Feature Selection for Semantic Clustering of Hungarian Verbs

titleFeature Selection for Semantic Clustering of Hungarian Verbs
summaryThe presentation will focus on current issues in semantic verb classification, with a particular emphasis on the choice of the feature set which represent verbal syntactic distribution. Experiments on supervised semantic verb classification generally aim at obtaining verb classes equivalent to Beth Levins English verb classification or WordNet synsets. For languages which lack such hand-made resources, verb classes can be obtained by unsupervised clustering. In either case, the underlying hypothesis is that syntactically similar verbs share one or more meaning components, and an adequate representation of verbs distributional context is crucial to the succes of the experiment. The first experiments for clustering Hungarian verbs were carried out using data from a manually annotated treebank. The 150 most frequent verbs were categorized according to the complementation patterns they exhibit in the treebank. There was no limit on the length of the patterns, and adjuncts were also included. As Hungarian is a highly inflective language (with 19 different case suffixes), a huge quantity of different patterns, i.e., a large feature set was used. Despite the fact that the large number of features scatter frequency data, the results were promising. However, in order to extend the clustering to less freqent verbs, one needs a bigger  and, consequently, automatically parsed  corpus. As the parser introduces more noise, which is an even more sensitive issue when dealing with medium or low frequency verbs, the question raises of how the feature set can be tuned in order to achieve a more precise description of the syntactic distribution of verbs.
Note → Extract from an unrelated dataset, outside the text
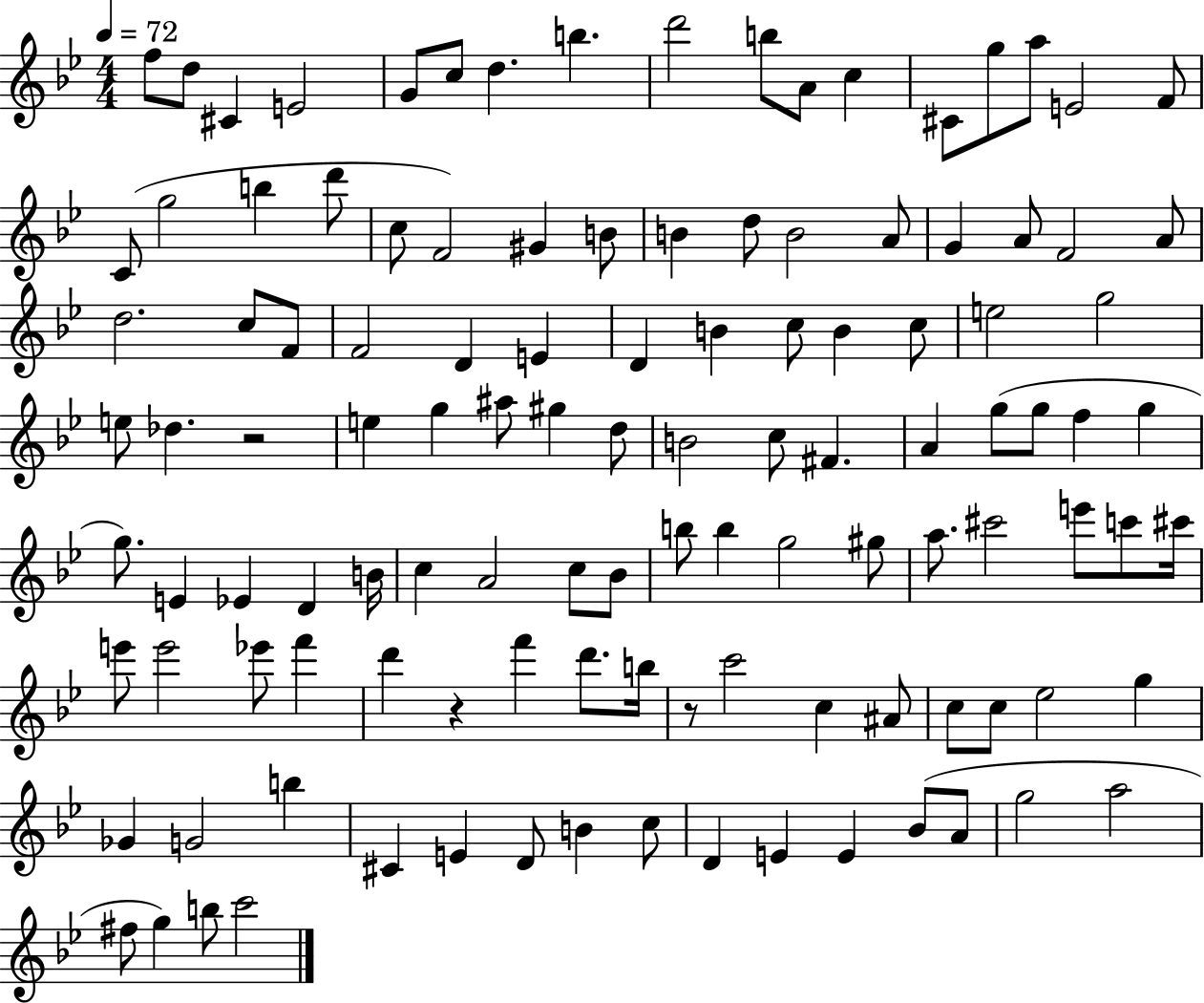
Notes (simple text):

F5/e D5/e C#4/q E4/h G4/e C5/e D5/q. B5/q. D6/h B5/e A4/e C5/q C#4/e G5/e A5/e E4/h F4/e C4/e G5/h B5/q D6/e C5/e F4/h G#4/q B4/e B4/q D5/e B4/h A4/e G4/q A4/e F4/h A4/e D5/h. C5/e F4/e F4/h D4/q E4/q D4/q B4/q C5/e B4/q C5/e E5/h G5/h E5/e Db5/q. R/h E5/q G5/q A#5/e G#5/q D5/e B4/h C5/e F#4/q. A4/q G5/e G5/e F5/q G5/q G5/e. E4/q Eb4/q D4/q B4/s C5/q A4/h C5/e Bb4/e B5/e B5/q G5/h G#5/e A5/e. C#6/h E6/e C6/e C#6/s E6/e E6/h Eb6/e F6/q D6/q R/q F6/q D6/e. B5/s R/e C6/h C5/q A#4/e C5/e C5/e Eb5/h G5/q Gb4/q G4/h B5/q C#4/q E4/q D4/e B4/q C5/e D4/q E4/q E4/q Bb4/e A4/e G5/h A5/h F#5/e G5/q B5/e C6/h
An obvious solution would be to filter complementation patterns according to their frequency, but this could yield misleading reults for low frequency verbs. A more sophisticated method would be to use a manually built verbal valency dictionary to filter out longer and/or less relevant distributional contexts. On the other hand, this method would imply losing the information carried by adjuncts (e.g. temporal andjuncts reveal aspectual properties of verbs). After presenting the results of the first clustering experiment, I will outline future research directions with respect to feature set reduction, and discuss the advantages and disadvantages of  the particular methods.